Berlin. In Berlin wird so viel Rauschgift konsumiert wie seit zehn Jahren nicht mehr. Drogen, Fahnder, Täter – ein Überblick.

Cannabis, Kokain, Ecstasy, Heroin, Crystal, Bonzai: In Berlin werden Drogen in großem Stil gehandelt und konsumiert – trotz spektakulärer Erfolge der Ermittler und gestiegenem Verfolgungsdruck auf die Dealer. Wie die Fahnder vorgehen, woher die Drogen kommen, wer die Täter sind – ein Überblick:

Die Ermittler

Drogenfahnder in Berlin haben viel zu tun. Manchmal sieht man das auch an deren Büros. In dem des leitenden Ermittlers Henner Grote von der Zollfahndung Berlin-Brandenburg steht zum Beispiel ein Feldbett. Für den Fall, dass es mal wieder länger dauert. Und in diesem Job, mit all seinen komplizierten Verfahren und verschachtelten Täterstrukturen, ist das häufiger mal so. Grote (50) ist seit 24 Jahren Rauschgiftfahnder. „Die Verfahren sind sehr aufwendig. Und die Ermittlungsarbeit ist in den vergangenen Jahren auch komplizierter geworden “, sagt er. Die Ermittler der Zollfahndung arbeiten eng mit dem Landeskriminalamt (LKA) zusammen. In Berlin gibt es eine von bundesweit acht gemeinsamen Ermittlungsgruppen (GER). Der Leiter des LKA 43, Rauschgift- und Arzneimittelkriminalität, Olaf Schremm (57) ist seit 37 Jahren dabei. Er sagt, dass es in Berlin schon immer viele Drogen gab. „Es ist auch ein Kontrolldelikt. Erhöhen wir den Kontrolldruck, findest sich das auch in der Statistik wieder“, so Schremm.

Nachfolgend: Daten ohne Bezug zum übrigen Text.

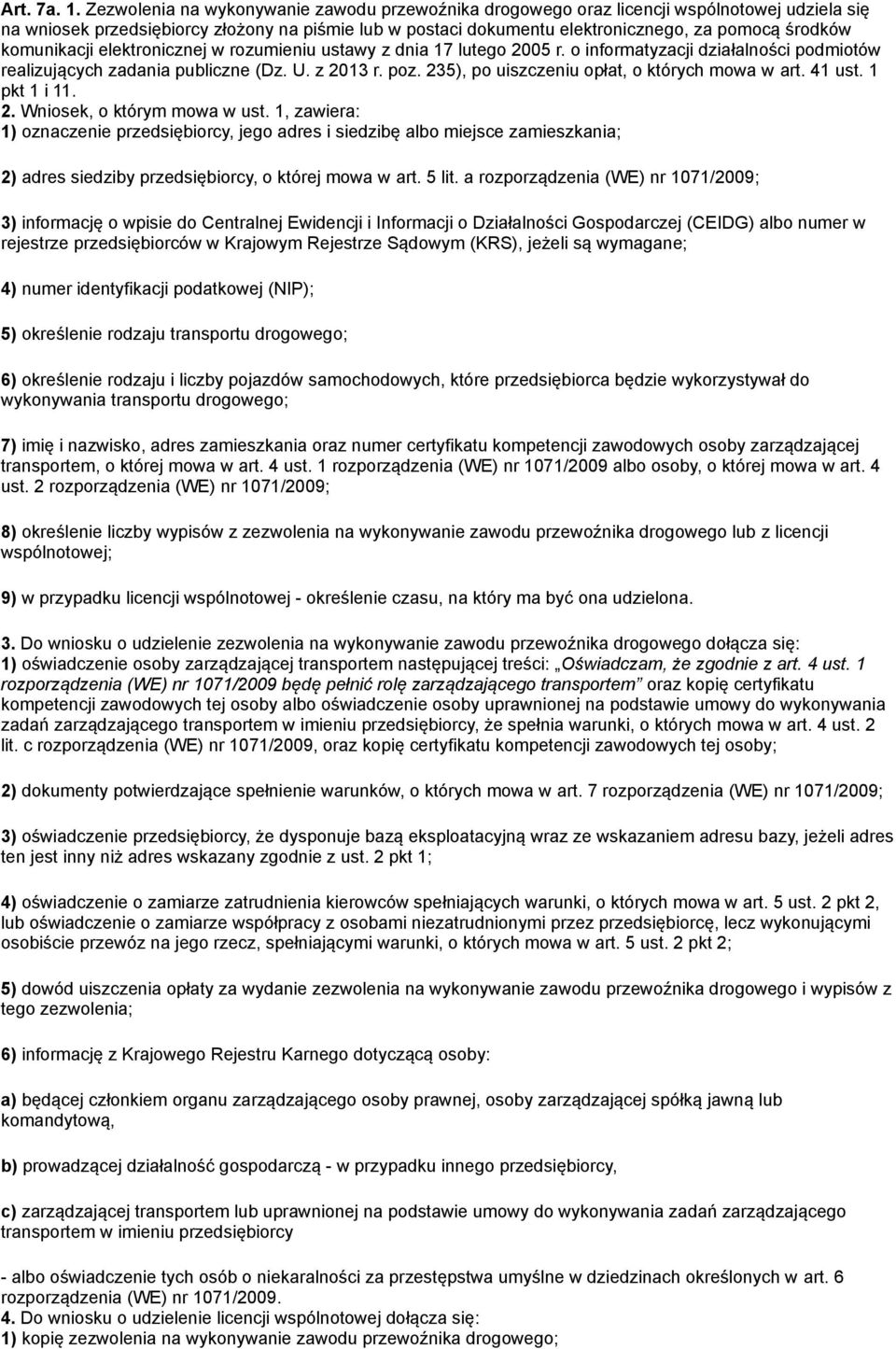 komunikacji elektronicznej w rozumieniu ustawy z dnia 17 lutego 2005 r. o informatyzacji działalności podmiotów realizujących zadania publiczne (Dz. U. z 2013 r. poz.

In Britz hat die Zollfahndung Ende 2017 unter einer Kfz-Werkstatt eine riesige Cannabisplantage entdeckt
In Britz hat die Zollfahndung Ende 2017 unter einer Kfz-Werkstatt eine riesige Cannabisplantage entdeckt © Zollfahndung Berlin

Die Drogen

In der Langzeitstatistik befindet sich Berlin auf einem Zehn-Jahres-Hoch. Im vergangenen Jahr wurden insgesamt 16.077 Rauschgiftdelikte erfasst. Zum Vergleich: Im Jahr 2008 waren es insgesamt 11.631. In der Statistik sind alle Fälle erfasst – vom Drogenhändler im Görlitzer Park bis zum groß angelegten Schmuggel. Grundsätzlich lässt sich sagen, dass mehr als die Hälfte aller festgestellten Verstöße Cannabis betreffen. Auffällig ist aber der Anstieg beim Kokain-Konsum und -Schmuggel. Hier gab es ein Plus von 42 Prozent bei den Konsumenten und ein Plus von zehn Prozent bei den Schmugglern. Insgesamt wurden im vergangenen Jahr 1164 Tatverdächtige im Zusammenhang mit Kokain-Delikten ermittelt. 2015 waren es noch 883. Aber auch der Konsum von Crystal und Extasy ist in Berlin rasant angestiegen.

Die Politik

Drogendelikte sind Kontrolldelikte. Das heißt: Je mehr die Polizei kontrolliert, desto mehr Fälle kommen ans Licht. In der Innenverwaltung führt man das Zehn-Jahres-Hoch in der Statistik daher auf die gewissenhafte Polizeiarbeit zurück. „Das ist ein großer Erfolg für die Kolleginnen und Kollegen, für den ich mich sehr bedanke“, sagte Innensenator Andreas Geisel (SPD) der Berliner Morgenpost. Die Zahlen würden auch beweisen, dass in Berlin immer mehr kontrolliert wird. „Es gibt nämlich kein Ende der Null-Toleranz-Politik“, so Geisel weiter. Das gelte auch für vermeintlich weiche Drogen wie Cannabis im Görlitzer Park. „Anders als öffentlich behauptet, ist Kiffen weiterhin nicht erlaubt, auch der Handel und der Besitz von Drogen ist laut Betäubungsmittelgesetz verboten“, so der Senator.

Die Herkunft

Kokain für den Berliner Markt kommt aus Mittel- und Südamerika mit Container-Frachtern nach Europa, Heroin aus dem Mittleren Osten, synthetische Drogen auf der Straße aus den Niederlanden, genau wie Marihuana aus Spanien oder Nordafrika. Es gibt mehrere Routen. Häufig genutzt werden die Spanien- und die Balkan-Route. Die Droge Crystal kommt meistens aus Tschechien. Im vergangenen Jahr gab es aber auch erste Lieferungen aus den USA, über das Darknet bestellt und an Postfächer in Berlin verschickt. Neu sind Koma-Drogen wie das künstliche Cannabinoid Bonzai. Mehrere Konsumenten landeten 2017 im Krankenhaus.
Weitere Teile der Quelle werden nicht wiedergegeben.